**Provided data**
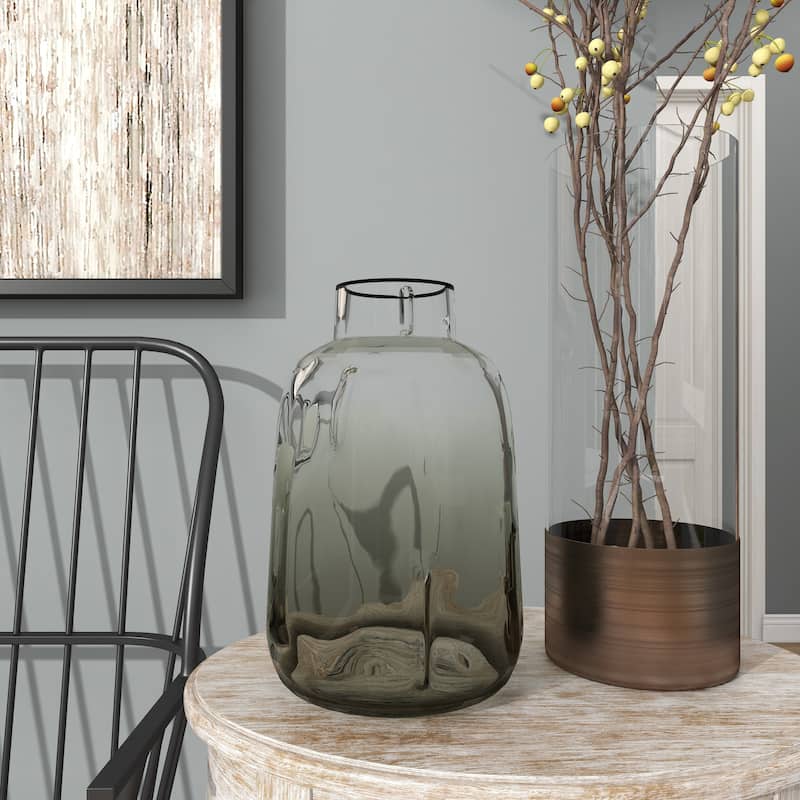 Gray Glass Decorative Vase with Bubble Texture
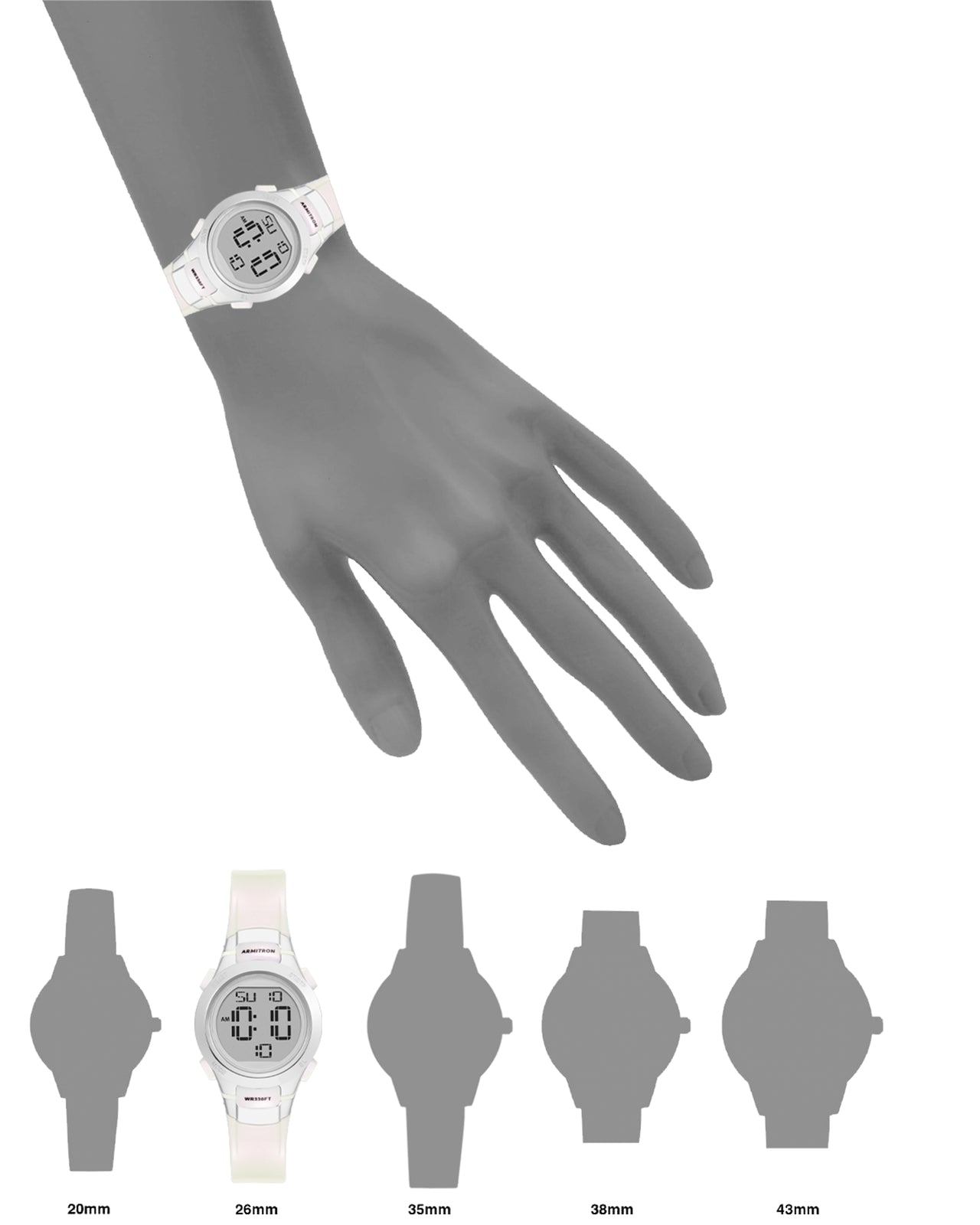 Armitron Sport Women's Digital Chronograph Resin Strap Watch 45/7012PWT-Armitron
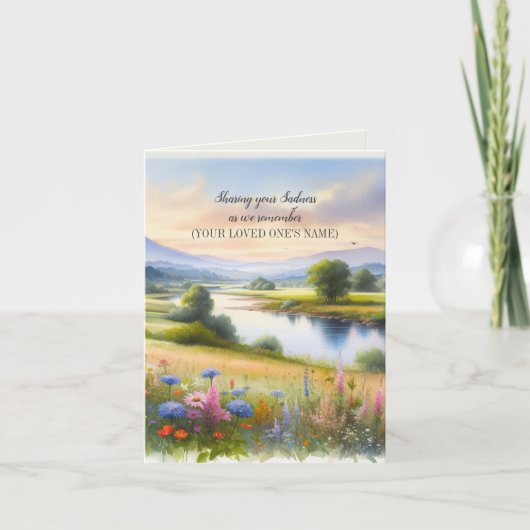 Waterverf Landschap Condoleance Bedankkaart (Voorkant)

**Exercise prompt**
A word-for-word copy of the listing is the goal; keep every picture out of it.

**Answer to the exercise**
 Gray Glass Decorative Vase with Bubble Texture
 Armitron Sport Women's Digital Chronograph Resin Strap Watch 45/7012PWT-Armitron
 Waterverf Landschap Condoleance Bedankkaart (Voorkant)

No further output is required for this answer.